The heatwave described in the novel is based on an actual one that took place in the summer of 1976 in Britain, which was preceded by a dry period that began the previous year. At the time this had been the driest 16-month period in over 250 years. Though there was some rain during that summer, it was so little and sporadic that it didn't make much of a dent. The reservoirs ran dry, companies in the Midlands (central England), were forced to shorten their work week, and many households were required to gather their water from communal hand pumps in the street. People were advised to "Save water, bathe with a friend," to do so in no more than five inches of water and to then reuse that bath water in the garden. Bricks were put in toilets so the flush tanks would then hold less water and therefore, conserve more. Owning a dirty car was a symbol of solidarity.

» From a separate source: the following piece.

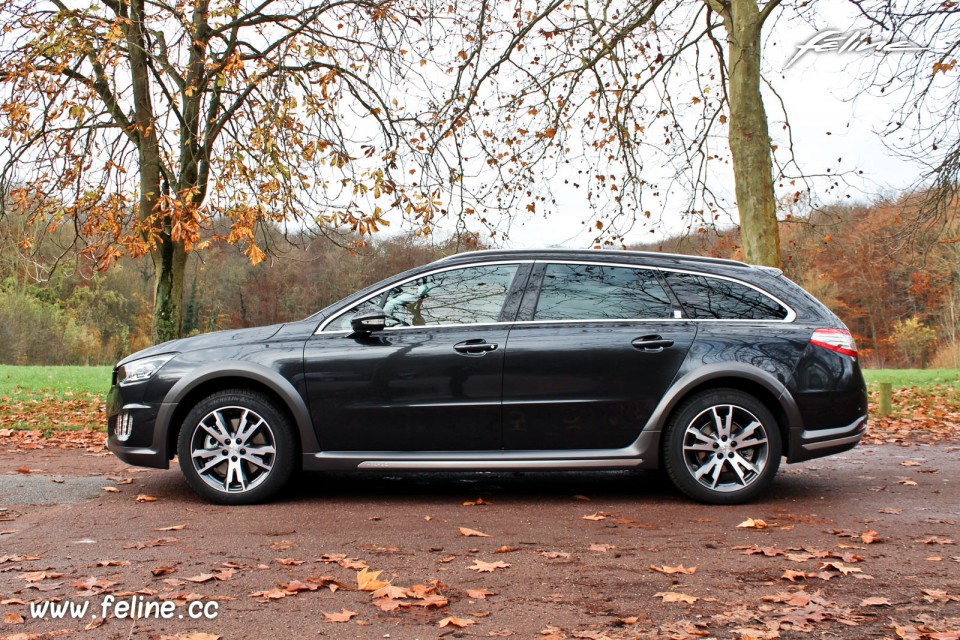 Photo essai Peugeot 508 RXH I phase 2 Gris Haria 2.0 HDi HYbrid4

During the drought, the government issued 139 drought orders (regulations restricting water use), on behalf of the water companies, in specific areas throughout Britain. The hardest hit areas were East Anglia and Wales. At the height of the drought, the government reassigned the Sports Minister, Denis Howell, to act as Minister in Charge of Drought Co-Ordination. When the rain began to fall in October 1976, his insistence that the water restrictions remain in effect until the reservoirs had returned to normal levels made him very unpopular. The government wasn't the only regulator of water usage, however. A group of housewives in Surrey famously forced a golf course to turn off their sprinklers by harassing the maintenance men.
For many, 1976 stands out as the worst drought in recent memory, but the drought in 1995 was actually worse in terms of record-breaking heat. Though weather conditions in 1995 were comparable to those in 1976, the public was not as affected by drought order restrictions, because water companies had improved their methods of conserving and distributing water.